Many people are being inspired to amp up their fitness levels and are signing up for half marathons and marathons. When I initially signed up for the 2018 Disney World Marathon, I wasn’t sure if I had all the gear needed to complete the run. I read several blogs and conducted lots of google searches. I found some decent information. However, I learned what I needed by training, running half marathons in preparation and joining the running community. I wanted to share my marathon race gear essentials:
1.) Body Chafing Stick
This will vary person to person, but I use a chafing stick prior to running as a precaution on my legs and chest area. For me, the friction of running and the fabric against your shirt can cause your nipples to chafe or worse, even bleed. Although I haven’t had extreme issues, for my first marathon I wasn’t going to take any issues. It seemed to work well.
The right, supportive running shoes, athletic shirt/shorts, and compression tights are essential to competing and performing well. If you’re unsure about what running shoes and brands to look at, do some research on Brooks, Altras, and Nikes. For shoes, part of it is personal preference. I look for a few things when selecting a shoe:
A.) Lightweight Running Shoe
Running a marathon is challenging enough, I don’t need a bulky, heavy shoe slowing me down.
B.) Highly Supportive
If it doesn’t offer support to your feet and ankles, it’s garbage.
I don’t want a shoe that bothers my feet, causes unnecessary blisters, etc.
I’ve heard great things about Brooks and Altras. Eventually I’ll check them out, but I’ve stayed consistent with my Nikes and have had success. (Note: I have now switched over to Brooks).
For the majority of races, I typically wear compression tights under my shorts. You don’t need this, but I find that it’s supportive, keeps my legs warm and flexible (I use Under Armour)
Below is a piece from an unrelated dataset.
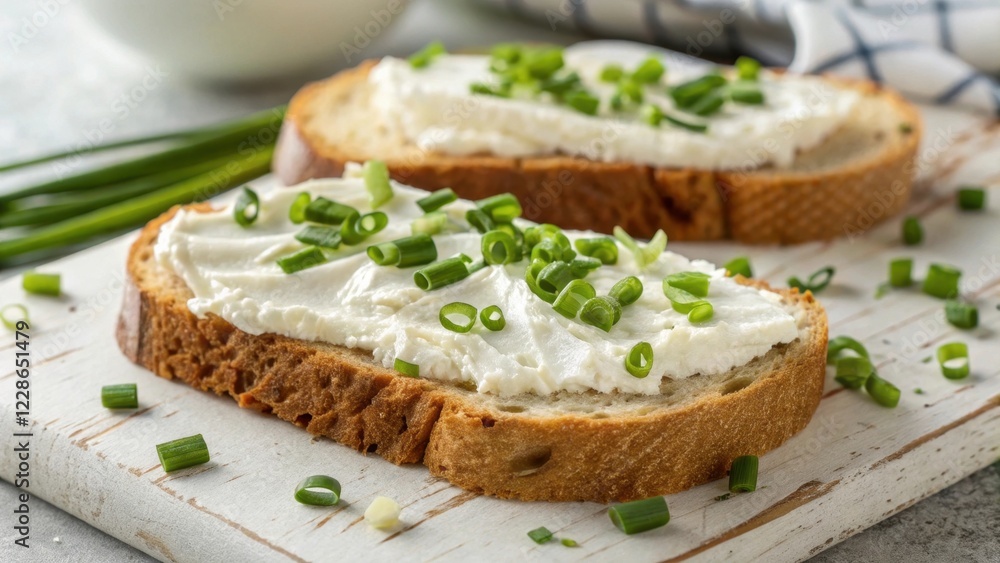 Cream cheese and spring onion toast on rustic board Cream cheese and spring onion toast on rustic board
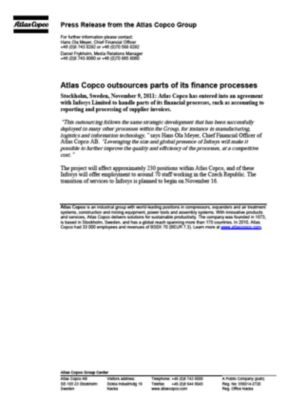 111009 -en- Atlas Copco outsources financial services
Any lightweight running shorts will work (if there’s zip pockets anywhere for your phone or additional items, that’s always a plus).
A nice compression shirt.
4.) Energy Gels
This is a big one for me. All races pass out water/Gatorade and most of the larger races will pass out additional fuel ups – bananas, gus, gels, etc. Personally, I don’t like using the gus/gels they pass out. I’ve done it multiple times and through trial and error have learned what works for me and what doesn’t work for me. Most gus and gels are thick. I don’t like eating something sticky and think when I’m running. Further, I’m not a sweet person – having Nutella flavored gels is not helpful for me.
I’ve found that the Apple flavored Go Isotonic Gel works the best. It’s between an apple sauce and water consistency, easily digestible and doesn’t make me feel sick. It’s packed with carbs, which is great fuel for long races. For the marathon, I packed 3 of these gels in my belt (see # 6 below).
5.) Phone Holder
Ideally, it’s best if you have a safe spot for your phone. I’ve used an arm band before and have also held my phone during races when I need to. However, additional zip up pockets, belts, etc. are good ideas for the phone.
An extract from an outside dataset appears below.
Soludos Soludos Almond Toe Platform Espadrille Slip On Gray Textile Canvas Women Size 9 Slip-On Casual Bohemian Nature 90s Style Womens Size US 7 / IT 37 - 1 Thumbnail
I used a snap on belt for my marathon. It had a back pocket (ok, it kind of looked like a fanny pack). But, I kept my gels in the pack. Depending on what you’re running with, it’s helpful to have a belt.
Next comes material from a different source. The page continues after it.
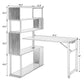 Home Office Computer Desk L-Shaped Corner Table,5-Tier Bookshelf FredCo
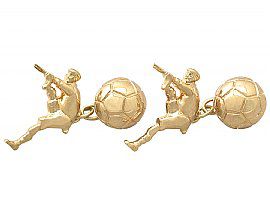9 ct Yellow Gold Football Cufflinks - Contemporary 1998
If you run with earbuds/headphones, make sure you have tested them on long runs. I’m still figuring out the best over-the-ear earbuds.
Hydrate, Hydrate, Hydrate. Start hydrating a couple days before the race, hydrate during the race and definitely hydrate after the race.
Instead of a standard sports drink to hydrate and push electrolytes after the race, I recommend Nuun products. They have electrolyte tablets (similar to an Airborne – just drop it in water), electrolyte + caffeine tablets, and vitamin tablets. It’s great because it’s substantially healthier than downing a few sports drinks. Each tablet only has 10 calories, 4gs of carbs and 1g of sugar. My recommendation is to take the electrolyte + caffeine tablets before or after hard runs. Besides that, I don’t take them daily since the sodium levels are high (16% dv in 1 tablet). However, the vitamin tablets only have 4% dv of sodium so that’s better for daily consumption.
Those are some of my race-day essentials to make sure you navigate your first marathon successfully. Of course, do what works for you. Test things out prior to the marathon. Don’t try new products right before the race or during the race. I like to keep my running routine as consistent and rhythmic as possible.
Let me know what you’ve found to be essential! I hope this helps and good luck with your first marathon!